Des stratégies d’action doivent être mises de l’avant pour corriger ces situations de violence vécues par les femmes. Dans l’Église, les laïques n’ont pas le pouvoir de changer les lois. Des améliorations majeures pourraient être apportées si les responsables modifiaient le Code de droit canonique pour reconnaître les femmes comme des personnes humaines à part entière, égales aux hommes et capables d’assumer de véritables responsabilités. Ce serait un pas important !

Tout en demeurant vigilantes et lucides sur les différentes formes de violence qui les concernent, des femmes à « l’espérance têtue » continuent de travailler pour que des changements adviennent et que toutes formes de violence disparaissent dans l’Église.

 

CONCLUSION

La structure de l’Église, ses lois, ses règles entraînent des situations d’injustice, de non-reconnaissance effective des femmes, d’exclusion, de pratiques discriminatoires, donc de violence. Ivone Gebara écrivait dans Le mal au féminin : « La violence institutionnalisée contre les femmes n’est pas seulement un acte de violence particulier, mais une organisation sociale, une construction culturelle qui tend à diminuer un pôle de l’humanité et à exalter l’autre ».Toute violence qui fait mal à l’être des femmes et à son accomplissement comme femme et comme chrétienne est une violence à combattre.

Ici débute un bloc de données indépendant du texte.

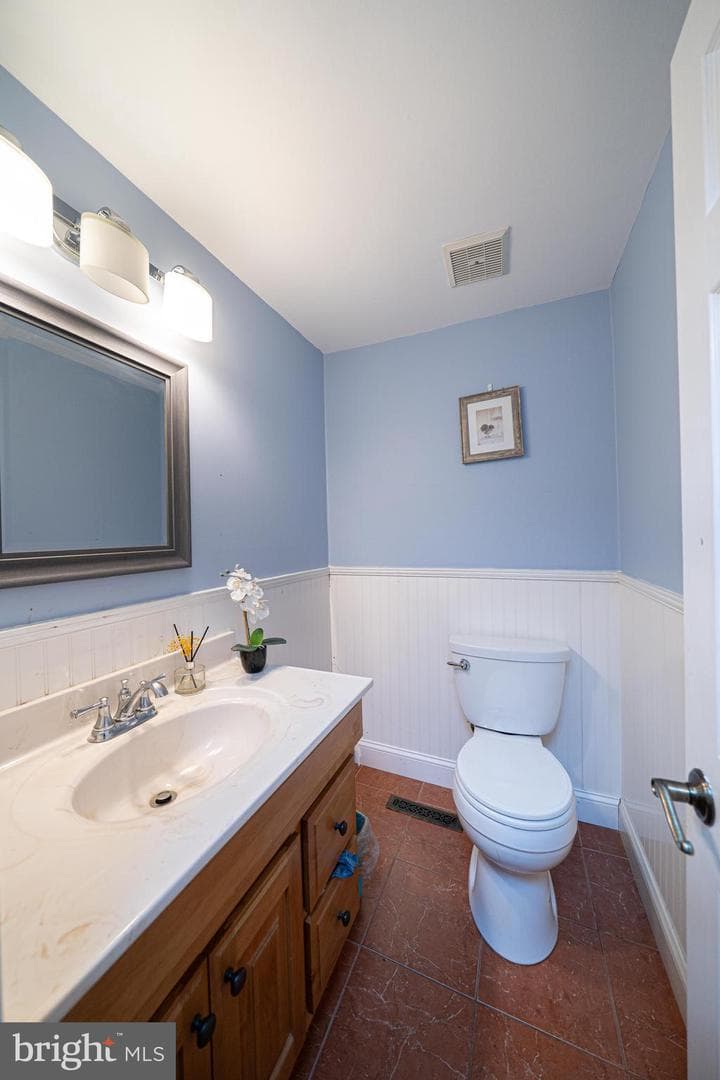 816 Kendrick Street photo 10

Il faut sortir du cycle enfermant de la violence. Un regard différent doit se poser en prenant de la distance. Si nous voulons prendre un virage dans notre Église, pour une plus grande justice envers les femmes, celles-ci devront être partie prenante du processus de changement qui conduira à une Église de disciples égaux, à une Église d’inclusion des femmes, à une Église d’égalité entre les hommes et les femmes. Ce virage ne pourra se faire sans que l’Église change ses structures pour y inclure la pleine reconnaissance des femmes avec leur droit à la prise de parole, leur droit à toutes les fonctions pastorales et administratives, à des conditions de travail équitables et à des relations interpersonnelles sans violence. C’est seulement ensemble qu’il est possible de discerner ce que l’Esprit du Christ ressuscité dit aujourd’hui à son Église.

 


NOTES

[1] Voir Lexique sur la violence à Démarche 1 – Texte d’appoint.
[2] Définition de la socialisation : « Le processus  par lequel la personne humaine apprend et intériorise tout au cours de sa vie les éléments socioculturels de son milieu, les intègre à la structure de sa personnalité sous l’influence d’expériences et d’agents sociaux significatifs et par là s’adapte à l’environnement social où elle doit vivre », in Guy ROCHER, Introduction à la sociologie générale. Tome 1 : L’action sociale, Montréal, Éditions HMH, p. 105.
[3] Pleins feux sur le partenariat en Église. Actes du Symposium « Le partenariat hommes-femmes en Église », Montréal, Éditions Paulines, 1997, pp. 99-102.
[4] Voir Chapitre 3 « Profils et configurations d’ensemble » in Lise BARONI, Yvonne BERGERON, Pierrette DAVIAU, Micheline LAGUË, Voix de femmes, Voies de passage. Pratiques pastorales et enjeux ecclésiaux, Montréal, Éditions Paulines, Coll. F, pp.  87-149.
[5] Voir Cahier 3 d’animation sur Femmes et pauvreté dans l’Église.